In this accident, Bus 386 of the Sky Express fleet veered off the highway, hit an embankment, and flipped onto its roof.
More than a hundred rescue workers from nine agencies responded to the crash site. The 53 injured passengers were transported to 10 different hospitals. Their injuries ranged from minor to critical.
The driver was treated at the scene for minor injuries. He was the only person on the bus with a seat belt.
The bus trip originated in Charlotte. It was traveling overnight through Greensboro, North Carolina, state police said, and had made a stop in Raleigh en route to New York City.
The Sky Express company has had trouble with federal safety regulators in the past. Its buses were involved in four crashes during a two-year assessment period that ended this May, according to FMCSA records.
One of the crashes involved injuries, when the bus rear-ended a car on I-95 in Virginia last October and injured two people in the vehicle.
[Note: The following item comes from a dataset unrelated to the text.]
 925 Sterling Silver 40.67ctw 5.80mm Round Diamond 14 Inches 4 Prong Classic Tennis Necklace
The driver, Wen An Wu, 47, of Brooklyn, N.Y., was charged with reckless driving and following too close.
During its assessment period, Sky Express ranked worse than 99.7 percent of all bus companies in “Driver Fitness.” It received 24 driver-fitness violations.
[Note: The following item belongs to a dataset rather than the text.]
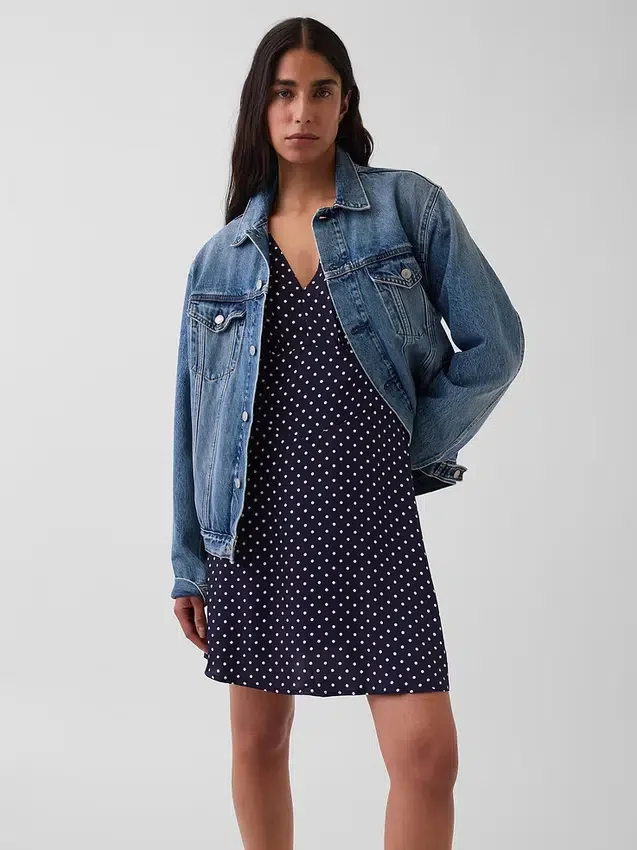 Mini-jurk met V-hals en print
Sky Express also received 46 violations in the “Driver Fatigue” category. Most were for failing to keep logbooks properly.
The company received 17 “Unsafe Driving” violations, most of them for speeding.
The National Transportation Safety Board has launched an investigation into the crash. A New York City Council member on Tuesday blamed the U.S. Department of Transportation for being “asleep at the switch” on bus safety, and the vice president of the Advocates for Highway Safety said legislation that would make the industry safer has been stalled in Congress.
This company’s poor performance in its safety evaluation and its high number of violations may be a clue a pattern of widespread negligence. This particular type of bus service, emphasizing very low fares and convenient routes, has been booming.
A ticket to ride on Sky Express Bus 386 from Charlotte to New York cost $30.
Tragically, this trip cost passengers a lot more.